E’ un lato evolutivo musicale dettato dalla globalizzazione del suono moderno,
quindi ancora poco esplorato. La band tedesca Deafening Opera aggiunge a tutto
questo una impronta Hard, così da essere inquadrata fra band quali Porcupine
Tree e Riverside.
Il primo album del 2009 dal titolo “Synesteria” ha
una marcata impronta Progressive Metal che però viene mutando l’anno successivo
con l’EP “25.000 Miles”. Testi in inglese ed in francese trattano della storia
di un uomo, il tutto cantato dalla bella voce malleabile di Adrian Daleore. Si
da molta importanza alla melodia ed al ritornello facile, questo lo si evince
subito dall’iniziale “Her Decay”.
Due le chitarre che lavorano fra le partiture, la
ritmica di Thomas Moser e quella di Mortiz Kunkel. L’ascolto diventa più articolato
con “Dripping Hot Chocolate”, dove le tastiere di Gèrald Marie cominciano a
coprire un ruolo un poco più importante, quindi non solo da tappeto. Buona e
senza strafare la coppia ritmica composta da Christian Eckstein al basso e da
Konrad Gonschorek alla batteria.
Nella title track fuoriesce l’anima e l’amalgama di
questa band, fra riff giusti e virate emotive, fanno capolino anche i Radiohead
di “Ok Computer”, tanto per gradire. Ampi spazi mentali si aprono all’ascolto
di “Jericho I Am” e qui si comprende a pieno il piacere di un risultato finale
riuscito, quando piccoli e semplici arpeggi sorreggono tutta la struttura.

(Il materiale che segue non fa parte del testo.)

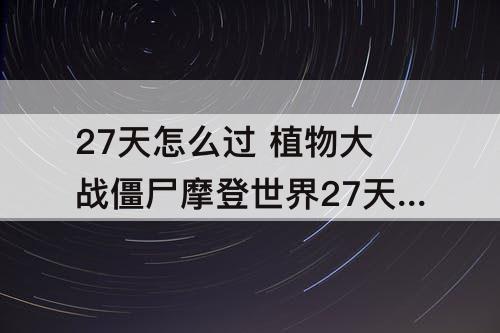 27天怎么过 植物大战僵尸摩登世界27天怎么过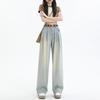 Women Harajuku High Waist Straight Jeans Streetwear Fashion Casual Denim Pants Women Wide Leg Solid Color Jeans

Peccato soltanto per un ritornello non proprio all’altezza del brano.
“25.000 Miles” è una delle composizioni più valide
di “Blueprint”, fra Porcupine Tree e Riverside, proprio come rimarcato in
precedenza. “Paralelno” è cantato in francese ed è uno dei momenti più
introspettivi dell’album con tastiere alla Blackfield. Qui a differenza di
“Jericho I Am”, il ritornello funziona ed è il punto focale.

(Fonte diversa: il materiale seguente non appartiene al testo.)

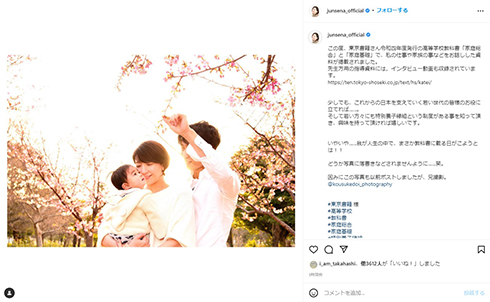 高校の家庭科教科書に載ったことを明かした瀬奈じゅん一家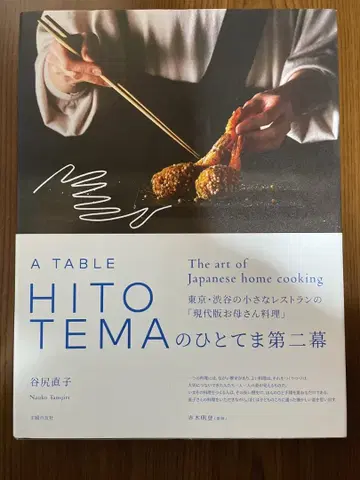 [중고] HITOTEMA의 히토테마 제2막 도쿄 시부야의 작은 레스토랑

Il disco si chiude quasi con una confessione, il
titolo “Porcupine Syndrome” non è proprio messo li a caso.
Il pregio numero uno di questo album? E’ di avermi
fatto passare un ora senza che me ne accorgessi! Confesso che al primo ascolto
l’ho catalogato fra quegli album che mordono e fuggono, ho fatto male….molto
male, perché in verità ci sono idee giuste al momento giusto e questa non è
prerogativa di tutti gli artisti.
A questo punto sono davvero incuriosito e mi segno
il nome Deafening Opera nel mio taccuino alla voce “da seguire”, attendo nuovi
sviluppi per capire meglio se sono carne o pesce. Comunque siano, sono bravi.